Il faut d’ailleurs un très haut niveau pour tenir la scène face à Jonas Kaufmann. Il était un peu fatigué ce soir, avec quelques petits problèmes dans le suraigu et quelques hésitations au tout début : comme souvent, il a quelque difficulté à entrer en musique, et ses premières paroles sont légèrement pâteuses (je l’avais remarqué et dans Forza et dans Don Carlo à Munich), mais dès que la voix se découvre, se chauffe, s’installe, dès que les aigus sortent, c’est un enchantement.
Acte IV © 2014 The Metropolitan Opera.
Si Jonas Kaufmann peut chanter aussi bien Werther que Siegmund et bientôt Otello, c’est que sa technique est exceptionnelle et son intelligence du chant rare, c’est surtout qu’il est l’un des seuls à savoir ammorbidire, diraient les italiens, à savoir adoucir et chanter pianissimo et à assurer des mezze voci de rêve, grâce à un contrôle de tous les instants, une science accomplie du chant et une conduite de souffle époustouflants : la mort de Werther, murmurée, est anthologique.
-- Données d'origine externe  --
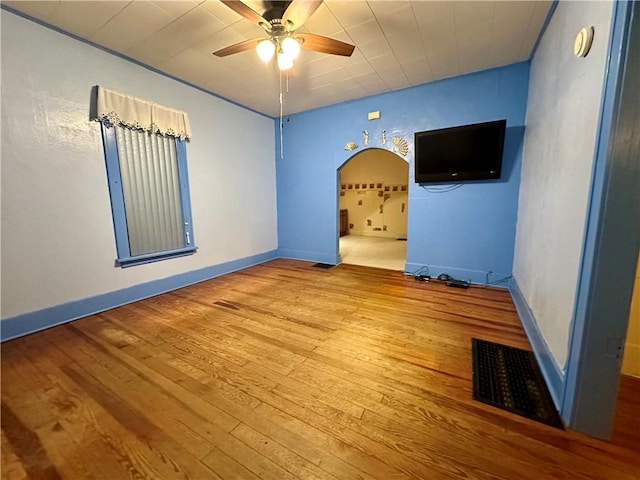 spare room featuring ceiling fan and light hardwood / wood-style floors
Je l’avais écrit lors de ses représentations parisiennes, seul Alfredo Kraus avec un timbre plus clair, avait un tel contrôle et une telle technique.
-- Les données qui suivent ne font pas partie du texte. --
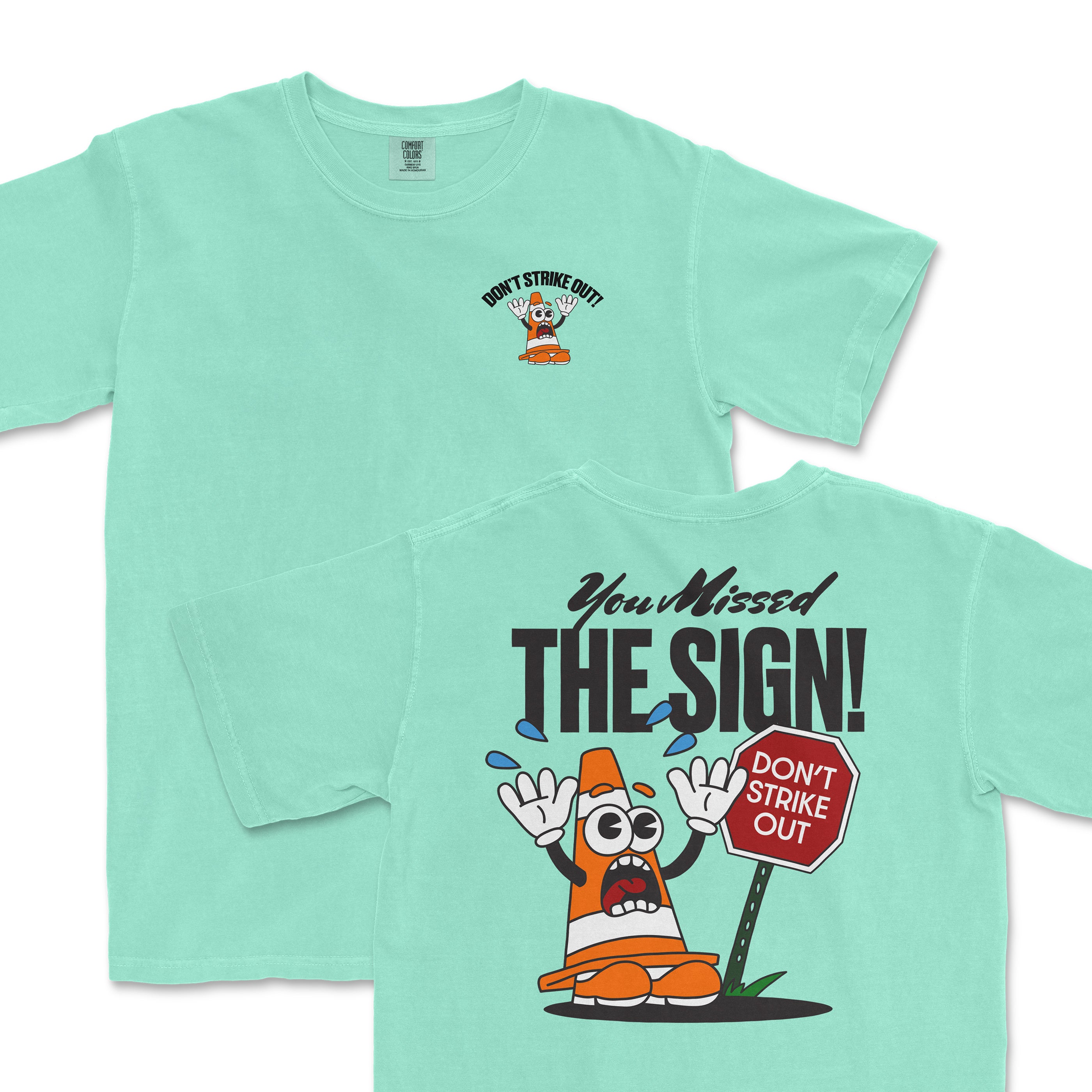 Mint green t-shirt featuring a playful traffic cone graphic with the text "You Missed THE SIGN! Don't Strike Out!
Acte III © The Metropolitan Opera.
Ce timbre sombre qui caractérise Kaufmann et qui surprend toujours les premières minutes sert évidemment le personnage qu’il interprète, doublé d’une présence charismatique : on ne voit guère que lui lorsqu’il apparaît.
Inutile de tergiverser, c’est un monstre sacré, et on comprend le public debout qui au moment des saluts hurlait Jonas ! Jonas !.
Il reste que je trouve qu’il y avait à Paris une magie juvénile, une émotion qu’on ressentait moins ici : est-ce la mise en scène ? est-ce que Kaufmann ne pourra plus chanter Werther dans quelque temps, lorsqu’il ne fréquentera que d’autres rôles plus larges ? est-ce que j’en attendais trop (c’est toujours possible) ?
Je pense qu’il faudra aller faire un tour au cinéma le 15 mars pour se faire une idée définitive. On le sait fragile et il avait dû renoncer précédemment pour fatigue passagère. Mais fatigué ou pas, il est sans aucune hésitation le plus grand aujourd’hui.
Ce fut quand même un pur bonheur et comme toujours une chance immense de l’entendre, et malgré les menues réserves çà et là, ce fut une grande et belle soirée.